Entries provided section start

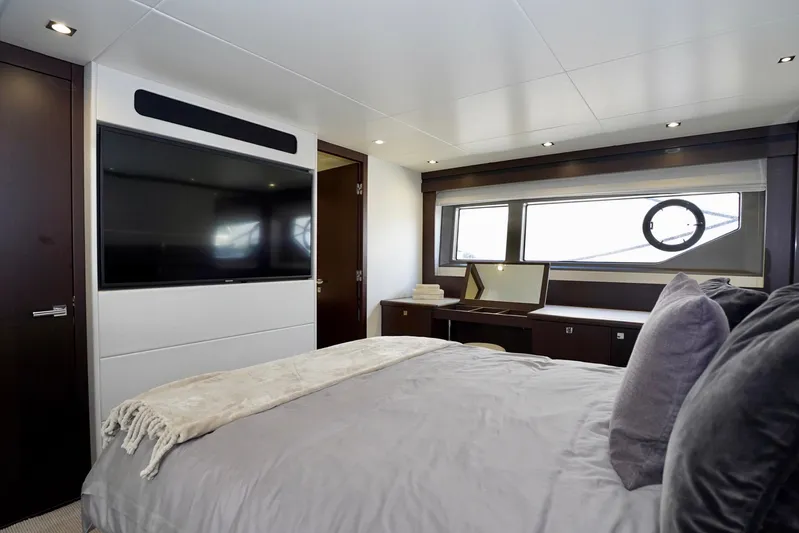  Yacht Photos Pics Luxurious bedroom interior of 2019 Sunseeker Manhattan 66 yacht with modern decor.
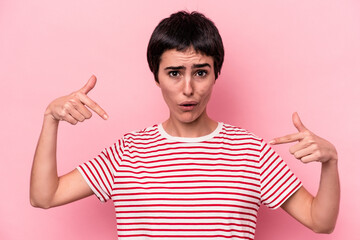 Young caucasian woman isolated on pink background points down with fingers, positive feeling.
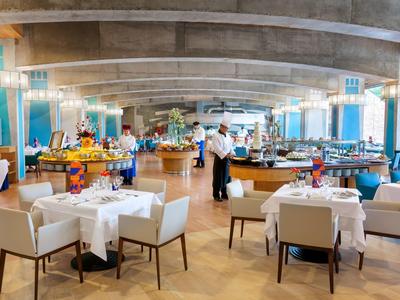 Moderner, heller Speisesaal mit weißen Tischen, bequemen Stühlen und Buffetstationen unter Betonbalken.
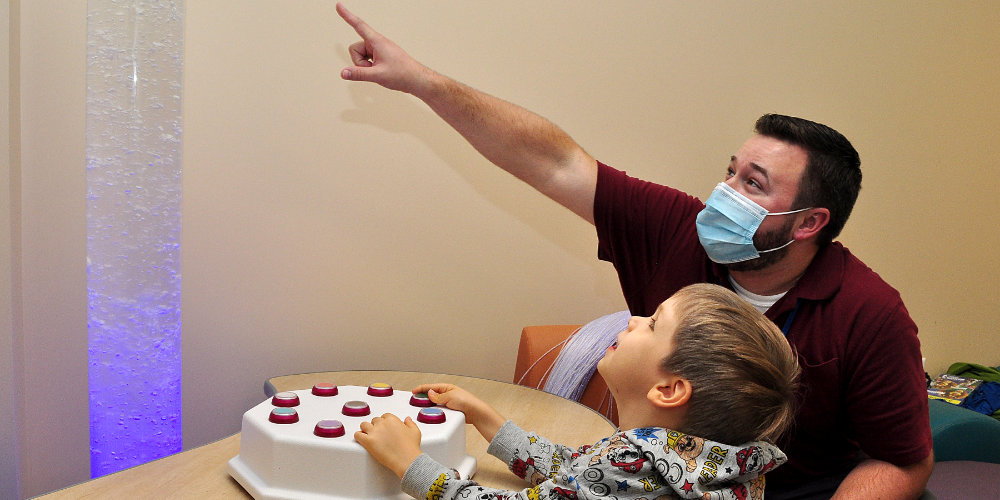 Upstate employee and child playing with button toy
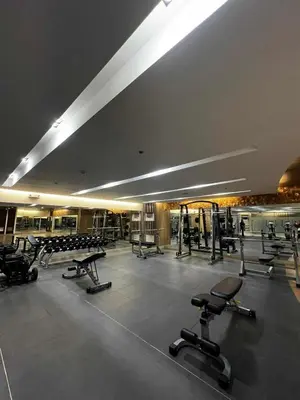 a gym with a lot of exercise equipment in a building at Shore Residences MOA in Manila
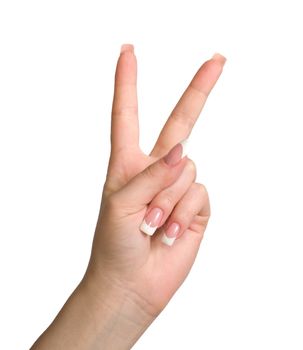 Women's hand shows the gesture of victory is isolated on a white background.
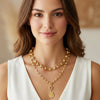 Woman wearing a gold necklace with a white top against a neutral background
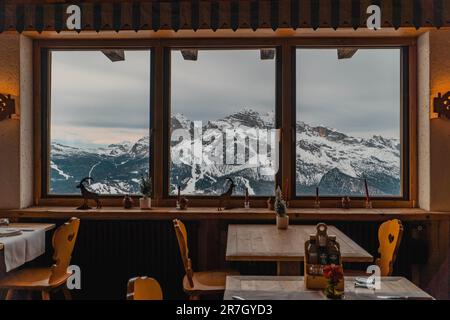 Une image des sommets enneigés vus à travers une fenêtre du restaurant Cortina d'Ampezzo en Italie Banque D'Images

Entries provided section end
Entries provided section start

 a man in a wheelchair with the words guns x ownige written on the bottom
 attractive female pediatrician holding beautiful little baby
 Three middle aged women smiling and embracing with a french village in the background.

Entries provided section end
Entries provided section start

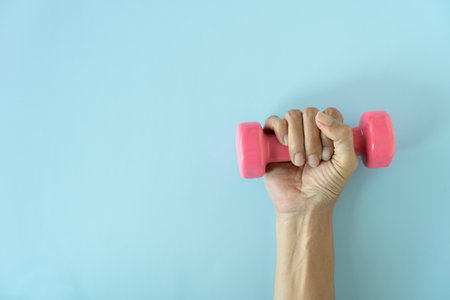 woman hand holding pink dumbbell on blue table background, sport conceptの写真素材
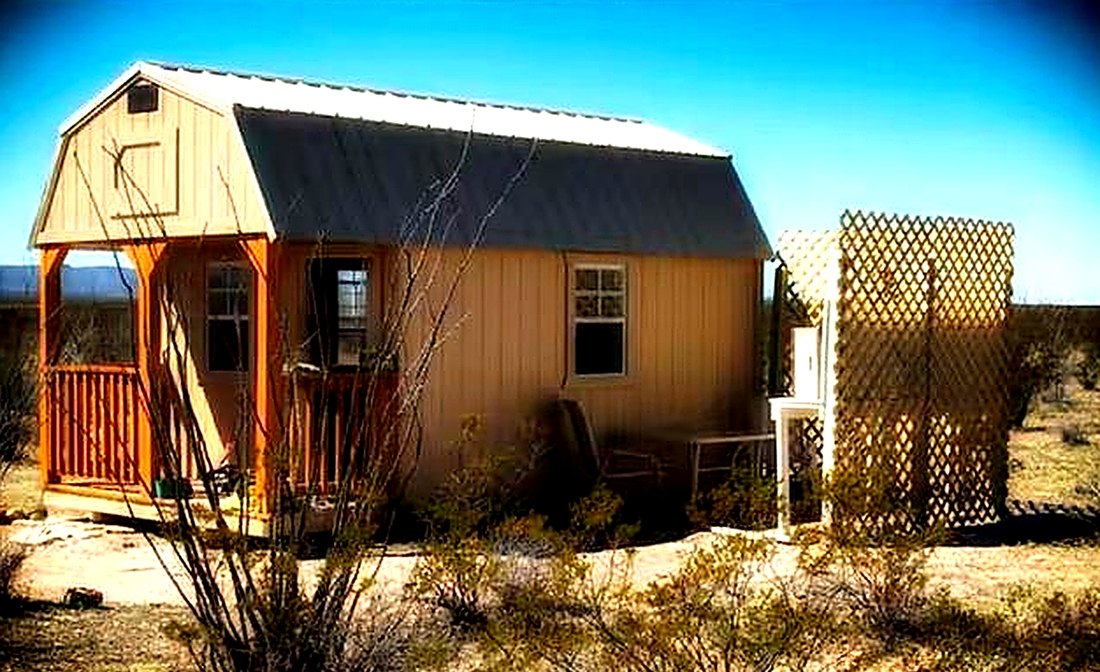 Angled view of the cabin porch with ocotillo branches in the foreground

Entries provided section end

**Exercise prompt:**
Please transcribe exactly the part of the records that opens with the line containing "Yacht Photos Pics" and closes with the line containing "Young caucasian woman", both ends included, and leave out the pictures.

**The answer:**
  Yacht Photos Pics Luxurious bedroom interior of 2019 Sunseeker Manhattan 66 yacht with modern decor.
 Young caucasian woman isolated on pink background points down with fingers, positive feeling.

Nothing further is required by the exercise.